You have no rival, You have no equal
Now and forever, Our God reigns
Yours is the Kingdom, Yours is the glory
Yours is the Name, above all names

What a powerful Name it is
What a powerful Name it is
The Name of Jesus Christ my King

Jesus, You will heal these scars from my battle with infertility. You'll bind up the wounds You've inflicted. (Isaiah 30:26) You've allowed them for a purpose greater than my understanding, but You have the power to heal, to open, to bring life. Harvest time will come. You will bring a heavy rain to this barren place. And I'll be listening and watching for it.


It isn't lost on me... the Lord's sovereignty that I'm sharing this journal page today while our world as we know it has flipped upside-down. Three years ago, I could never have known we'd be facing a pandemic that is elevating both terror and tenderness among us.
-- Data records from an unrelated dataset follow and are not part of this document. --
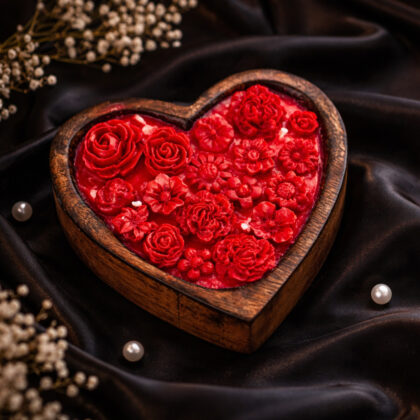 Wooden Heart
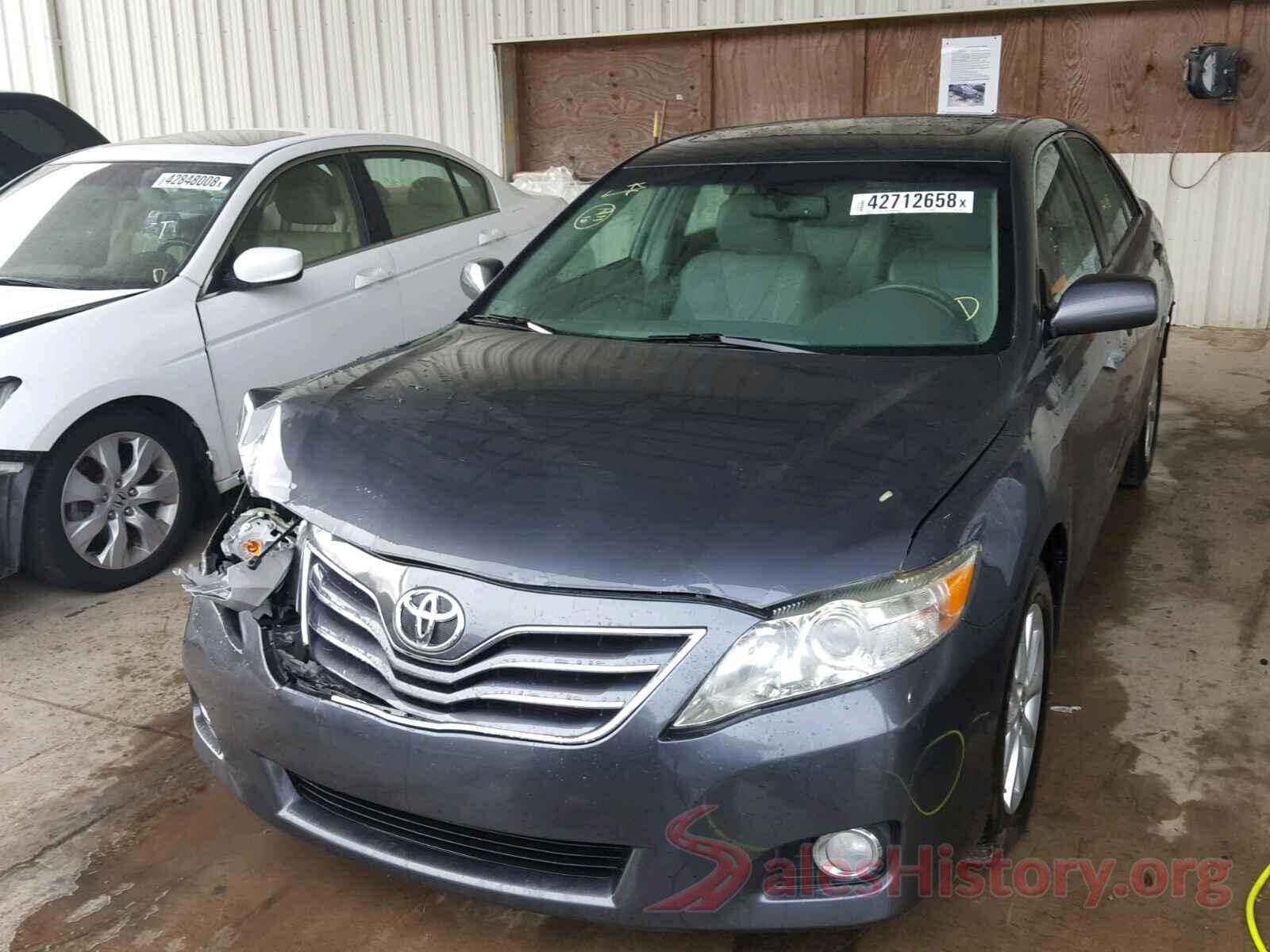 4T1BF3EK1BU189123 2011 TOYOTA CAMRY BASE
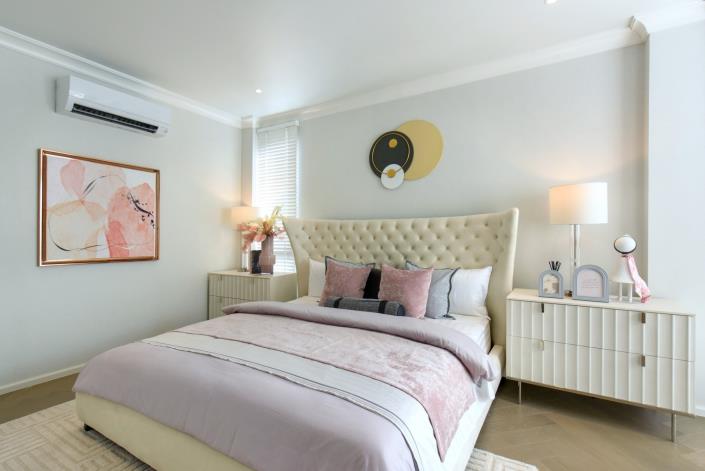 Image No.8-Maison de 3 chambres à vendre à Bangkok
I have felt full of faith in a good God who loves us, while also experiencing the anxiety that is ricocheting off every surface of this fallen world. What confusing times! What a wilderness experience for us all, and yet He is calling us to come. To come together. To come and listen.

Whether it's this pandemic, a confusing season, or any other battle that's leaving you discouraged... He wants to meet you in your wilderness. In your wandering, He is there. He is Emmanuel, and He IS the rain for our dry and thirsty souls. I don't know when He will end this time of trouble, but He gives us Himself. He will make a way in the wilderness. He will make rivers in the desert. It's just a matter of time. Let's keep our eyes and ears on Him and keep trusting, friends.